Il Mar Baltico è diventato la terza destinazione al mondo per i passeggeri delle navi da crociera con una crescita stabile negli ultimi anni con un +13% per il numero di passeggeri e +15% di toccate nave previsto per il 2017. La CLIA – associazione internazionale dell’industria crocieristica – ha presentato il Baltic Study 2017, in cui sono state testate e analizzate su 30 porti le strutture terminalistiche e i relativi servizi (PRFs, Port Reception Facilities) durante tutto il 2016. Dallo studio emerge che sia le navi da crociera sia soprattutto i porti presentano lacune rispetto agli standard definiti da MARPOL Annex IV Special Area, che tuttavia ancora non è entrata in vigore.

Lo studio rivela come, secondo i report inviati da ben 29 imbarcazioni da crociera, nella maggior parte degli approdi il 46% delle strutture portuali ha presentato delle difficoltà: per il 12,7% è stato segnalato “assenza di strutture disponibili”, per il 21,8% un “ritardo immotivato”, per il 5,9% “problemi tecnici”, per il 5% “luogo inadeguato”, per il 25,5% “costi delle strutture irragionevoli”, il 29% ci soni stati “altri” problemi”. Nel 32% dei casi, i costi eccessivamente alti hanno spinto le navi da crociera a non utilizzare i servizi disponibili. Inoltre, per le Black Water (BW) e Grey Water (GW), sui cui l’industria crocieristica è già specializzata nel trattamento a bordo, i servizi offerti durante l’ormeggio, anche quando esistenti, non sono stati giudicati sufficienti.

La Clia invita quindi ad un maggior impegno tutti gli stakeholder, attraverso una maggiore collaborazione con l’industria crocieristica sullo sviluppo delle infrastrutture portuali presenti in tutta la regione del Mar Baltico.  Soprattutto, invita all’elaborazione di piani eccezionali per lo smaltimento dei rifiuti, che prendano in considerazione le specifiche di ogni nave, il tempo passato in navigazione e il volume dei rifiuti accumulati.

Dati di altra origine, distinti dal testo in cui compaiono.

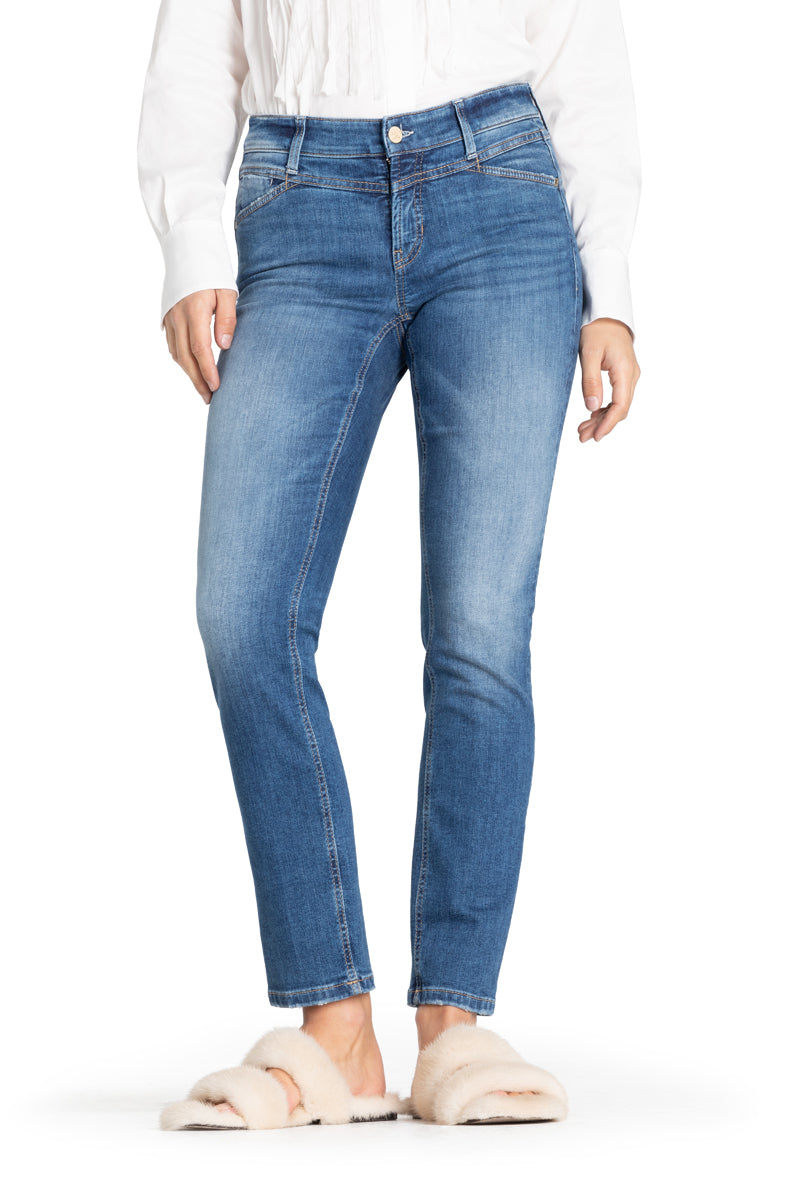 Cambio jeans Parla-49% katoen<br />27% polyester<br />20% modal<br />4% polyurethaan-DAMES BROEKEN-Blauw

“Tutti gli stakeholder devono lavorare congiuntamente per il rispetto dell’ambiente nel Baltico, che è il terzo mercato mondiale per le crociere, assicurando protezione dell’ecosistema e dei relativi standard” sostiene Tom Fecke, segretario generale Clia Europa, spiegando che “anche per venire incontro alla legislazione futura, crediamo che molti porti della regione abbiano bisogno di aggiornare i piani di smaltimento delle acque reflue, includendo l’industria crocieristica nell’elaborazione dei progetti”. Fecke aggiunge che “i rischi legali, ambientali e sulla sicurezza possono essere gestiti con successo solo attraverso una stretta collaborazione tra tutti gli stakeholder, in particolare tra le compagnie navali, i porti e i fornitori di servizi portuali”.